EXERCISE GOAL
Exact repetition of a range: find the line containing "to Kindergarten and" and the line containing "thumbnail image 3" in the material below, then repeat both and all lines between them, leaving pictures out.

DATA EXTRACT
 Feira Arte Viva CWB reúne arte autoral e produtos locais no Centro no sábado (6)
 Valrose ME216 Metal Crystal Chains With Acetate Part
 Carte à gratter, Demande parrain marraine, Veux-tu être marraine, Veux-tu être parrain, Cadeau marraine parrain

==

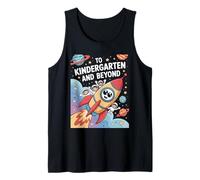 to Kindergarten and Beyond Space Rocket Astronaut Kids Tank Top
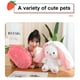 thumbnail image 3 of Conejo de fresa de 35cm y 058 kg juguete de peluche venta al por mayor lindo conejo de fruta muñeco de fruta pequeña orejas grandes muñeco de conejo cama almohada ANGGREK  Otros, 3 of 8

OUTPUT OF THE TASK
 to Kindergarten and Beyond Space Rocket Astronaut Kids Tank Top
 thumbnail image 3 of Conejo de fresa de 35cm y 058 kg juguete de peluche venta al por mayor lindo conejo de fruta muñeco de fruta pequeña orejas grandes muñeco de conejo cama almohada ANGGREK  Otros, 3 of 8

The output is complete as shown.